Isso foi somente um aperitivo, pois em março de 1998, a Ford Argentina lançava a terceira geração da Ranger, que adotava o novo estilo norte-americano, suspensão elevada e dois tamanhos de caçamba. Além disso, havia a opção de cabine dupla e do motor turbo diesel fornecido pela Maxion. Mais detalhes sobre essa geração, nós iremos contar nas próximas edições.
CAÇADOR DE FORD RANGER
Nos últimos anos, com o aumento dos números de colecionadores de automóveis no Brasil, surgiu um novo profissional nesta área: o de caçadores de carros. São pessoas que se propõem a investir seu tempo, paciência e conhecimento para buscar determinado tipo de veículo que um cliente quer. Nesta lista entram modelos de baixa tiragem, baixa quilometragem, podem ser nacionais ou importados. As picapes como não podiam deixar ser, estão entre os veículos que começavam a ganhar adeptos no colecionismo.

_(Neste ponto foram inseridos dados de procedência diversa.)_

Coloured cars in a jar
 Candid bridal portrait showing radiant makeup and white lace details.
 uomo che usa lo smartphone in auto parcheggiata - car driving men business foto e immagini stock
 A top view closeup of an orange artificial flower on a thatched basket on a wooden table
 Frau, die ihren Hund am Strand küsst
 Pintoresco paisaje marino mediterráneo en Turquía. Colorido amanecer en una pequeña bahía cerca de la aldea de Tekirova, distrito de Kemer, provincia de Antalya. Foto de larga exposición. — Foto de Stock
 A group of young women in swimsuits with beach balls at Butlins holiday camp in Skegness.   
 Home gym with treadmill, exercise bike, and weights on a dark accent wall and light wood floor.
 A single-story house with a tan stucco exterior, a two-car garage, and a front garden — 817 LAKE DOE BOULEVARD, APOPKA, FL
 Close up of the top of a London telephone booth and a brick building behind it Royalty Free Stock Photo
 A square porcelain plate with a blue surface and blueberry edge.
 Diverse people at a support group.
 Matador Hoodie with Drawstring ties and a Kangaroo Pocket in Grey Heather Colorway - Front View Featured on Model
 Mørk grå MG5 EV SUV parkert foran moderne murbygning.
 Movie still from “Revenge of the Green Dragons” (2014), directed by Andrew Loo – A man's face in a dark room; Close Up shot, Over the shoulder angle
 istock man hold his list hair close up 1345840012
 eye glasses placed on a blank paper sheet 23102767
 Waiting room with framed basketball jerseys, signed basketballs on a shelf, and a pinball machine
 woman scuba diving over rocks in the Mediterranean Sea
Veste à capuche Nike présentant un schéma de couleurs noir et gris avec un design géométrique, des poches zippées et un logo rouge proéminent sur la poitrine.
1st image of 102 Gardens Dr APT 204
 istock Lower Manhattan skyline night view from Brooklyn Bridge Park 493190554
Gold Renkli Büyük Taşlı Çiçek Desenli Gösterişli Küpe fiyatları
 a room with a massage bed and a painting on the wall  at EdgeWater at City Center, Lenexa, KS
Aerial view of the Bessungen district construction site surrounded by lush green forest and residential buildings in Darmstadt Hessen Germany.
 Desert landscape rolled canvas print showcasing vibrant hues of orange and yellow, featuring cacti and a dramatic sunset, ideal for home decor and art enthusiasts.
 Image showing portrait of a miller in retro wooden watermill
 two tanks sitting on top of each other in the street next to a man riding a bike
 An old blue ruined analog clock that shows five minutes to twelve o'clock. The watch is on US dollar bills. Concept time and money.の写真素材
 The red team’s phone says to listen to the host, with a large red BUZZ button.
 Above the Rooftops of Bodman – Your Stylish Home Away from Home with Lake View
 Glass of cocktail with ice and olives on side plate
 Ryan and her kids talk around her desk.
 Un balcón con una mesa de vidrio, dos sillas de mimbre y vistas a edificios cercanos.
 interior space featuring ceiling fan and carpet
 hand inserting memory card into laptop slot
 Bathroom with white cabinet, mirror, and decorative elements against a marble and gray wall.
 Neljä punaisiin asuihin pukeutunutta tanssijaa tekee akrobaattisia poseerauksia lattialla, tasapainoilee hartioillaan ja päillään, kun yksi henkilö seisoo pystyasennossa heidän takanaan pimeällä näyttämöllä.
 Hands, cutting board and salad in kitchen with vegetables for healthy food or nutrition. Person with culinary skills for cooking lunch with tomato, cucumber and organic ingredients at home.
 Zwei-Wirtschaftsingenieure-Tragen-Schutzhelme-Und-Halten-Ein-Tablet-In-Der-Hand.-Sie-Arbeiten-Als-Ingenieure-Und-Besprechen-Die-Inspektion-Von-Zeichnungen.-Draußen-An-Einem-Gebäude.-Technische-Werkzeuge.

O empresário Murilo Marquesin, 43 anos, da cidade de Louveira (SP), já trabalha no comércio de veículos desde os seus 17 anos, mas tornou o que era paixão em negócio há pouco mais de 2 anos. Embora trabalhe com todo o tipo de veículo antigo, Murilo tem se especializado em “caçar” as picapes Ford Ranger. “A picape Ford Ranger é meu sonho de consumo desde a época da adolescência, principalmente a versão Splash. São os modelos mais raros do modelo que podemos encontrar aqui no Brasil, acredito que foram importados uns 250 exemplares”, comenta o empresário.
Em seu perfil no Instagram é possível ver um histórico das Ford Ranger que já passaram pelas suas mãos. Há diversos tipos de acabamento, carroceria e versões. Chamam a atenção os modelos importados pelas lojas independentes como a Ranger Splash cabine estendida ou a Splash 4x4 dotada de câmbio manual de cinco velocidades.
A Ford Ranger que ilustra nossa reportagem é uma XL, de cabine simples, ano 1997 vermelho Málaga. Essa ainda é importada dos Estados Unidos, já que pouco tempo depois a picape ganharia cidadania argentina, além da troca do motor V6 de 4,0 litros, pelo trem de força de 2,3 litros de quatro cilindros. “Essa Ranger chama a atenção pelo elevado nível de conservação que se encontra. Foi de um único dono até abril deste ano”, salienta Marquesin.